Exercise prompt:
The response should consist of the records that follow, repeated exactly.

^^^^^^^^^^^^^^^^

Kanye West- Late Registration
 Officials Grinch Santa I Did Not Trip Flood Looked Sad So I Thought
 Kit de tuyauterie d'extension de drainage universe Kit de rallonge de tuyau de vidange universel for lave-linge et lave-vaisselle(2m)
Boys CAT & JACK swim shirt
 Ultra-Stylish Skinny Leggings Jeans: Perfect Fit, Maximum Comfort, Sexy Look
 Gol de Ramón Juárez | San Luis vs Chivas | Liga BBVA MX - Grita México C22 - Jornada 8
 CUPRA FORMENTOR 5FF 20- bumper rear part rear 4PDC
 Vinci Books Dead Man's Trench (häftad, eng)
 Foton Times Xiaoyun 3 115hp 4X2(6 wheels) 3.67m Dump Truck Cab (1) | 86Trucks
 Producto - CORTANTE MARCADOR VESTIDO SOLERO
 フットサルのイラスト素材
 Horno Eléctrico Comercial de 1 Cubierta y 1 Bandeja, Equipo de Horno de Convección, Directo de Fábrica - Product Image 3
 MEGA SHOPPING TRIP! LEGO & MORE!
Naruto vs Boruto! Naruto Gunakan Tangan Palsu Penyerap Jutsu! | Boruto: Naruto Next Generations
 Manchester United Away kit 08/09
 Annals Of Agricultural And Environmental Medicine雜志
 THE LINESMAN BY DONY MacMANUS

^^^^^^^^^^^^^^^^

Problem solution:
Kanye West- Late Registration
 Officials Grinch Santa I Did Not Trip Flood Looked Sad So I Thought
 Kit de tuyauterie d'extension de drainage universe Kit de rallonge de tuyau de vidange universel for lave-linge et lave-vaisselle(2m)
Boys CAT & JACK swim shirt
 Ultra-Stylish Skinny Leggings Jeans: Perfect Fit, Maximum Comfort, Sexy Look
 Gol de Ramón Juárez | San Luis vs Chivas | Liga BBVA MX - Grita México C22 - Jornada 8
 CUPRA FORMENTOR 5FF 20- bumper rear part rear 4PDC
 Vinci Books Dead Man's Trench (häftad, eng)
 Foton Times Xiaoyun 3 115hp 4X2(6 wheels) 3.67m Dump Truck Cab (1) | 86Trucks
 Producto - CORTANTE MARCADOR VESTIDO SOLERO
 フットサルのイラスト素材
 Horno Eléctrico Comercial de 1 Cubierta y 1 Bandeja, Equipo de Horno de Convección, Directo de Fábrica - Product Image 3
 MEGA SHOPPING TRIP! LEGO & MORE!
Naruto vs Boruto! Naruto Gunakan Tangan Palsu Penyerap Jutsu! | Boruto: Naruto Next Generations
 Manchester United Away kit 08/09
 Annals Of Agricultural And Environmental Medicine雜志
 THE LINESMAN BY DONY MacMANUS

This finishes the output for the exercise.